> PROBLEM DETAILS
Write out the entries below exactly, but only from the line containing "The Grand Encampment" through the line containing "Informe se presentará", and without the pictures.

> EXTRACTED RECORDS
....
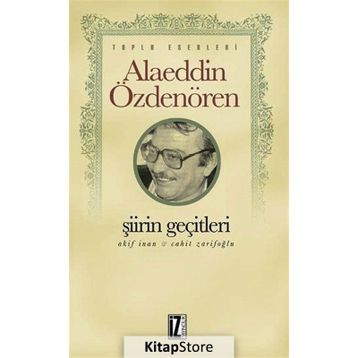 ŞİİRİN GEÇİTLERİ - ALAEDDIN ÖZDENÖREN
....
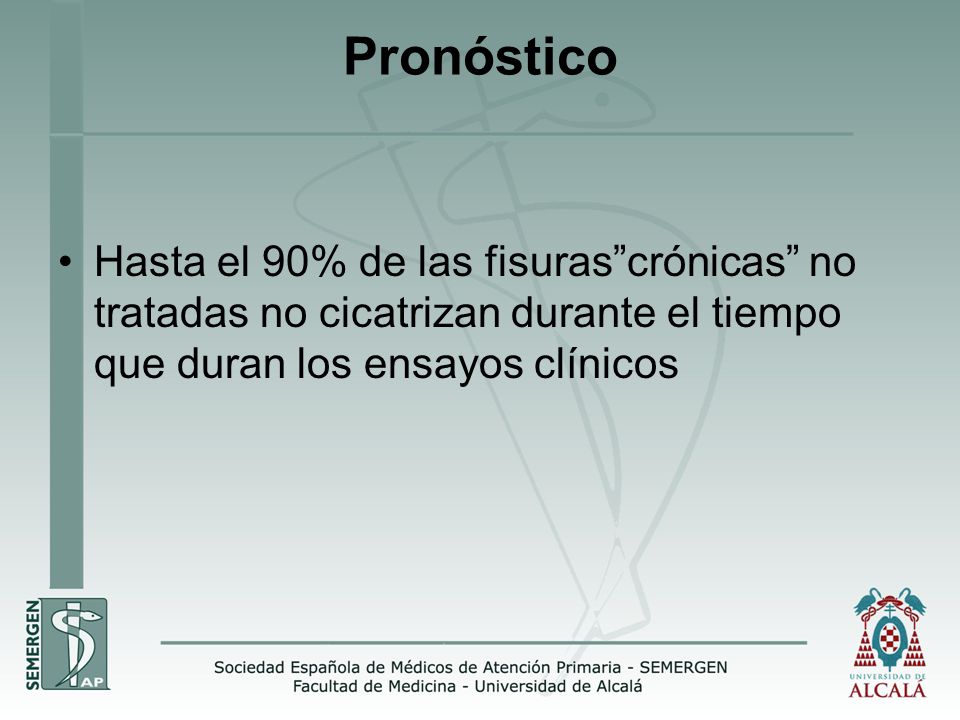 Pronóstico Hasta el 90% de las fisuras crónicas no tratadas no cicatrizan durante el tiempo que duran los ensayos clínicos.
....
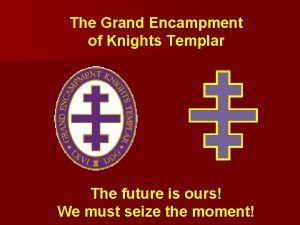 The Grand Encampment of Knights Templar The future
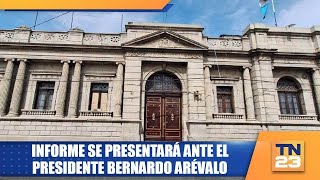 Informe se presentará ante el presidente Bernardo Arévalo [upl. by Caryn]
....
> YOUR SOLUTION
 The Grand Encampment of Knights Templar The future
 Informe se presentará ante el presidente Bernardo Arévalo [upl. by Caryn]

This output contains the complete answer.